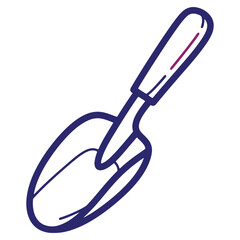 Hand Drawn Garden Trowel Tool Illustration for Planting and Gardening Activities and Equipment on a White Background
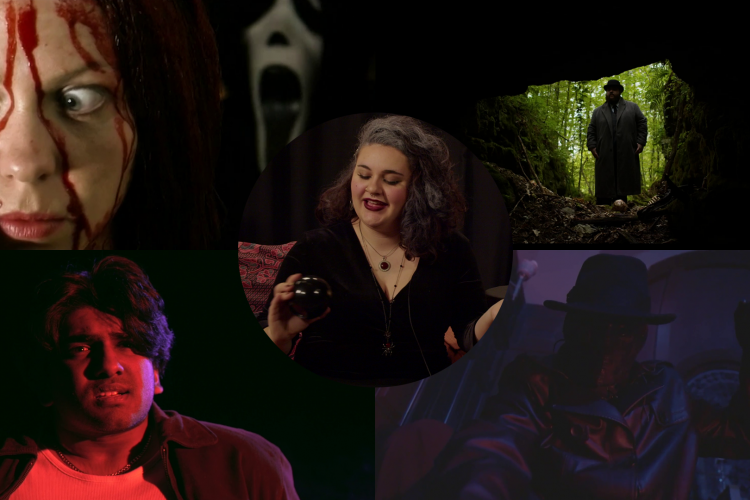 A collage of horror film stills: A blood covered woman, a man at a cave entrance, a masked person with a knife, a scared man and a woman with a magic eight ball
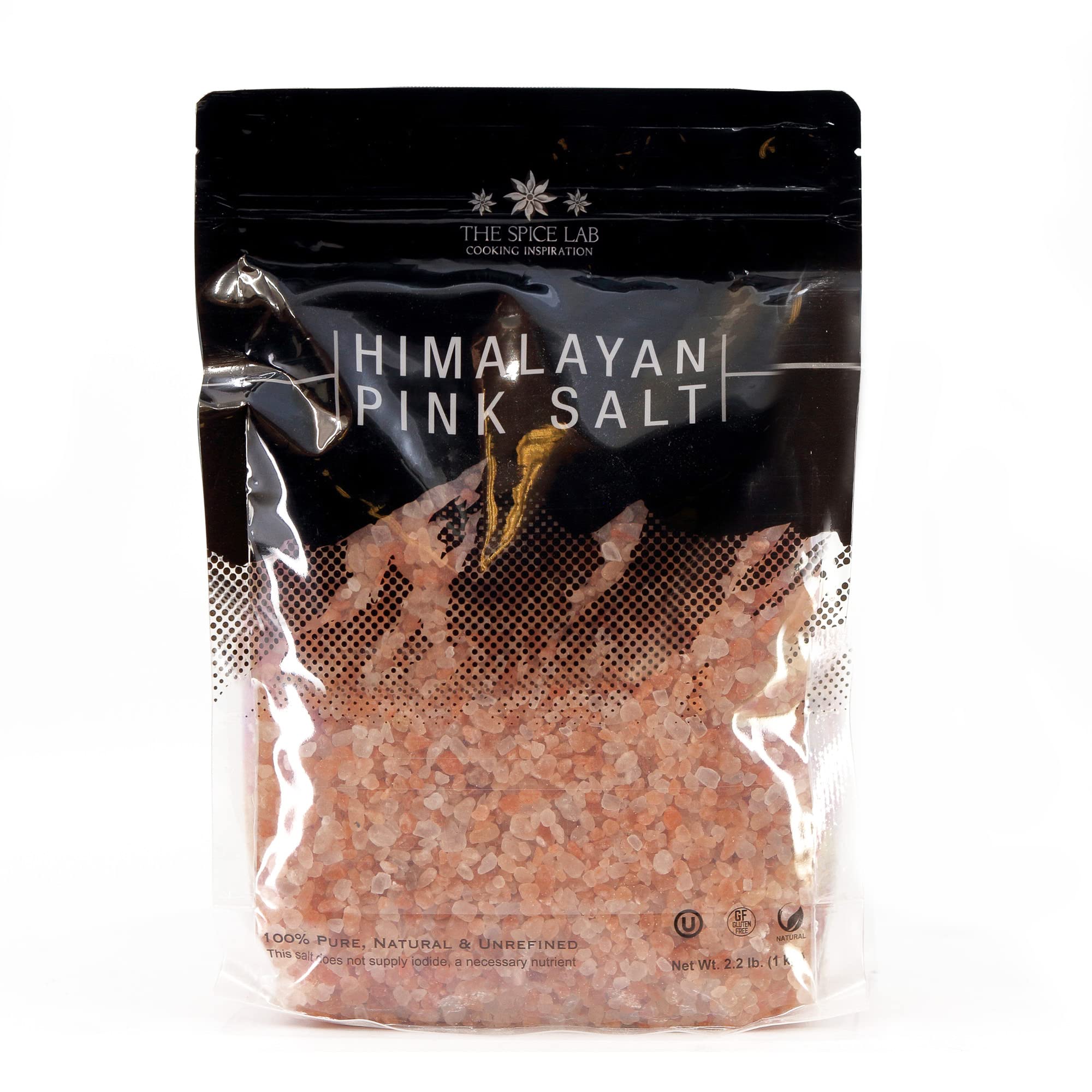 Book Cover The Spice Lab Himalayan Salt - Coarse 2.2 Lb / 1 Kilo - Pink Himalayan Salt is Nutrient and Mineral Dense for Health - Gourmet Pure Crystal - Kosher & Natural Certified 2.2 Pound (Pack of 1) Bag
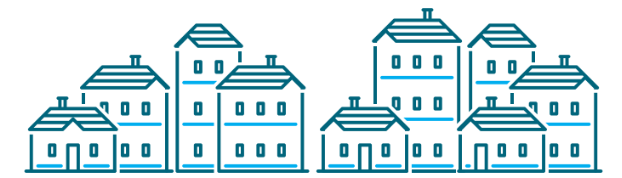 a graphic of a row of houses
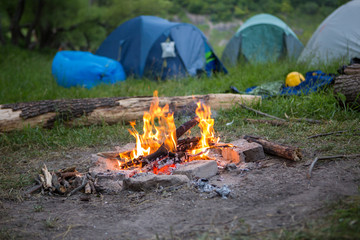 Photo of campground and campfire in forest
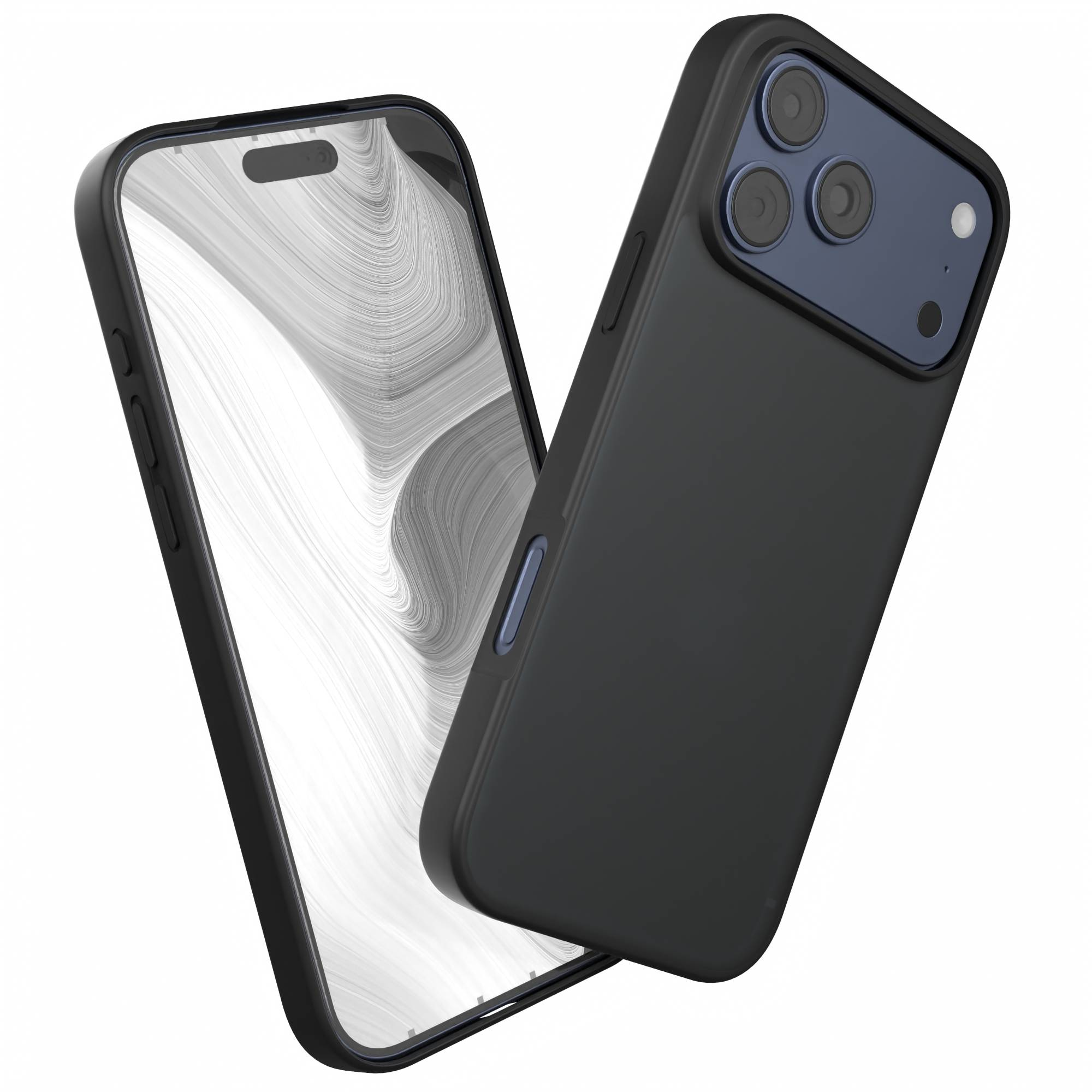 Ein schwarzes Telefon in einer schwarzen Hülle, Bildschirm mit weißen Linien und blauem Kamerabereich. Weißer Hintergrund.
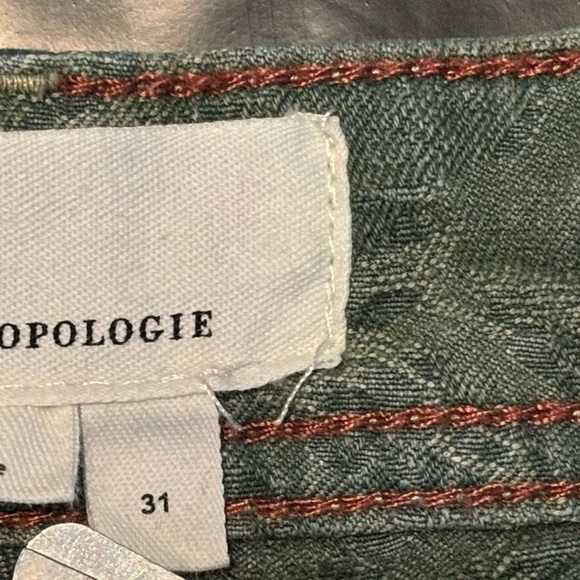 ANTHROPOLOGIE Womens 31 Pants Wanderer Green Utility Mandala Boho Trouser Floral - Picture 5 of 5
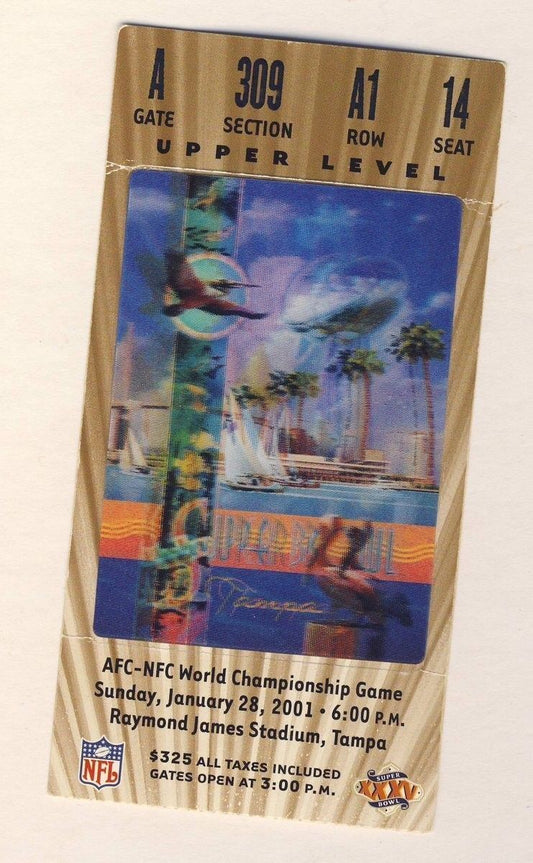 Super Bowl XXXV Baltimore Ravens Vs. New York Giants Ticket Stub 127960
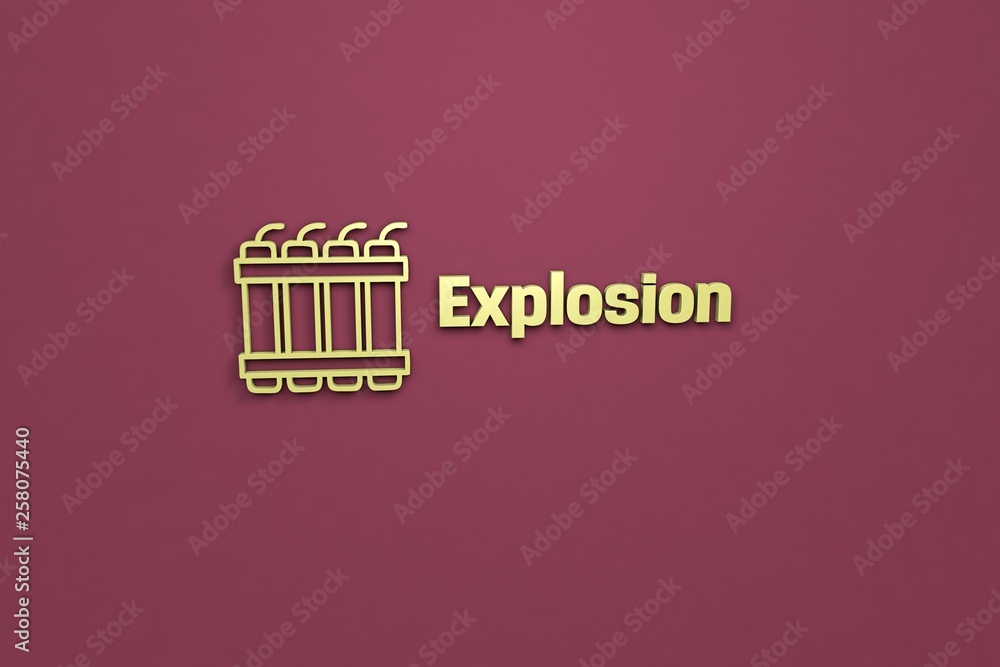 Text Explosion with yellow 3D illustration and red background Text Explosion with yellow 3D illustration and red background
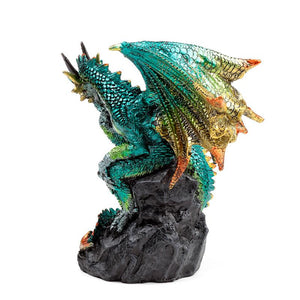 Gothic Dragon Figurine - Emerald Green Statue Resin Collectible Ornament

*Instructions for the task*.
Without the pictures, give all of the entries above again exactly.

*Answer to this task*.
 Hand Drawn Garden Trowel Tool Illustration for Planting and Gardening Activities and Equipment on a White Background
 A collage of horror film stills: A blood covered woman, a man at a cave entrance, a masked person with a knife, a scared man and a woman with a magic eight ball
 Book Cover The Spice Lab Himalayan Salt - Coarse 2.2 Lb / 1 Kilo - Pink Himalayan Salt is Nutrient and Mineral Dense for Health - Gourmet Pure Crystal - Kosher & Natural Certified 2.2 Pound (Pack of 1) Bag
 a graphic of a row of houses
 Photo of campground and campfire in forest
 Ein schwarzes Telefon in einer schwarzen Hülle, Bildschirm mit weißen Linien und blauem Kamerabereich. Weißer Hintergrund.
 ANTHROPOLOGIE Womens 31 Pants Wanderer Green Utility Mandala Boho Trouser Floral - Picture 5 of 5
 Super Bowl XXXV Baltimore Ravens Vs. New York Giants Ticket Stub 127960
 Text Explosion with yellow 3D illustration and red background Text Explosion with yellow 3D illustration and red background
 Gothic Dragon Figurine - Emerald Green Statue Resin Collectible Ornament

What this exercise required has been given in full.